Ovans naît à Boston, et travaille dès son plus jeune âge. Traumatisé par Woody Guthrie, Pete Seeger, et le Dylan contestataire des débuts, il met les voiles à 18 ans, avec sa guitare et son idéal. Les années suivantes sont parsemées de bars, de chansons, et de petits boulôts qu'il a accumulés par dizaines : d'un océan à l'autre, le chemin a forgé sa voix, bouffé ses illusions mais pas sa volonté. Cinquante ans aujourd'hui, dix albums à son actif (dont le premier tardif en 1991), et l'homme ne s'est toujours pas sédentarisé. La bohème constituerait pour d'autres un parfait argument de vente, mais Ovans reste honnête, fidèle à lui-même. C'est qu'il garde en mémoire ce souvenir amer de Dylan débarquant d'une limousine pour une soirée entre musiciens... "Folk singers my ass !".

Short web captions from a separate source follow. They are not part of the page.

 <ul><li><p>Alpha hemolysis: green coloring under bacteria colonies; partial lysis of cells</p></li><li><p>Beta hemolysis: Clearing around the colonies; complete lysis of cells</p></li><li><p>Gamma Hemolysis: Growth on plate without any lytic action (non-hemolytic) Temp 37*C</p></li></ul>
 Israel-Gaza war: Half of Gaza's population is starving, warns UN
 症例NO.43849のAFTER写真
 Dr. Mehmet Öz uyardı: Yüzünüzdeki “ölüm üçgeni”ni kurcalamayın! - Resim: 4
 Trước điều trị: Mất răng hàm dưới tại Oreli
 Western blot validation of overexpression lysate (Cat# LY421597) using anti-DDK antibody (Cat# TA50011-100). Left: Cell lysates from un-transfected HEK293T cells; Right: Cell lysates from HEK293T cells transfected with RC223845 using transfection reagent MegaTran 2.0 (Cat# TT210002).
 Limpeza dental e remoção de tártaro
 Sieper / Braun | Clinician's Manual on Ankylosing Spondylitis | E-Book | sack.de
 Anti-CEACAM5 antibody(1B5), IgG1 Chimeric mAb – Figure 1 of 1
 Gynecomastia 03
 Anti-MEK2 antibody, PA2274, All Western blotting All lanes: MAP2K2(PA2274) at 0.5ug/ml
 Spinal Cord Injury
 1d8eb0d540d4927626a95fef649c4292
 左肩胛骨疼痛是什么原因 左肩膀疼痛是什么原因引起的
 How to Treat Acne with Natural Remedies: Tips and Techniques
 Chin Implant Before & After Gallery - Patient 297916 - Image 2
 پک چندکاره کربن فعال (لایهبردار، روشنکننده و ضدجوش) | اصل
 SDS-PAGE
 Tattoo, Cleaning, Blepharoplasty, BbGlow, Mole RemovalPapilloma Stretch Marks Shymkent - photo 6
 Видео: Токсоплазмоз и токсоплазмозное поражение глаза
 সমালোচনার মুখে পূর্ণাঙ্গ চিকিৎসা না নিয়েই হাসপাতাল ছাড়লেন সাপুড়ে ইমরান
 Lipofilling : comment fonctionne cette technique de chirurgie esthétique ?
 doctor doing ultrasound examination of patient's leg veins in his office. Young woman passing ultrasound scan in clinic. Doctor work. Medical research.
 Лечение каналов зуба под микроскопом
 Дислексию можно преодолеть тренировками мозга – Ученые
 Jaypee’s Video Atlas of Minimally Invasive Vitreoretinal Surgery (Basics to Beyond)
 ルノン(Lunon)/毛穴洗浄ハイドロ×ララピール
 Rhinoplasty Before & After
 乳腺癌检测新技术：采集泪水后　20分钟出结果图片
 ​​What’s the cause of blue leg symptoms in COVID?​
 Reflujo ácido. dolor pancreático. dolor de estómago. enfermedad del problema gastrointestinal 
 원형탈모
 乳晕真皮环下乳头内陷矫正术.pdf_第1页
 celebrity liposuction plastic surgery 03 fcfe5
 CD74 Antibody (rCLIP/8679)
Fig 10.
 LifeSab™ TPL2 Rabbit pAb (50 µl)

Ses précédents enregistrements, aux titres explicites ("Industrial days", "Unreal city", "Tales from the underground", "Nuclear sky"...), portaient déjà en eux les stigmates du labeur ainsi qu'une légitimité indiscutable. Aucune imposture possible dans cette voix de rocaille effritée par les rejets d'usine. Avec "Honest abe and the assassins", Ovans n'a pas dévié sa route d'un iota. Toujours seul avec sa guitare et son harmonica (quelques percus par-ci par-là également), il nous assène pas moins de 32 nouvelles chansons bercées de mauvais whisky (dont une cachée en fin d'album). Entre complaintes rampantes pour arracher les coeurs et chroniques sociales au goût de terre collée au palais ("Song for the homeless"...), les noms des villes traversées défilent comme le leitmotiv hagard du voyageur trop lucide pour se permettre d'espérer ("New Orleans", "Jackson", "Sunday afternoon in Austin", "Bakersfield tonight"...). Tom Ovans incarne les déshérités chantés par Springsteen, ceux qui triment à la Johnston Company et se marient sans fleurs ni sourires. Et pourtant ses morceaux brillent de fierté, la dignité de ceux qui ne se sont pas laissés abattre. "Je pense qu'en Amérique, la voix des gens qui ne sont pas au sommet n'est plus écoutée. Il n'y a rien de glamour là-dedans, mais je suis l'un d'eux", déclarait-il récemment en interview. Tom Ovans n'a que ses chansons à offrir, écoutons-les.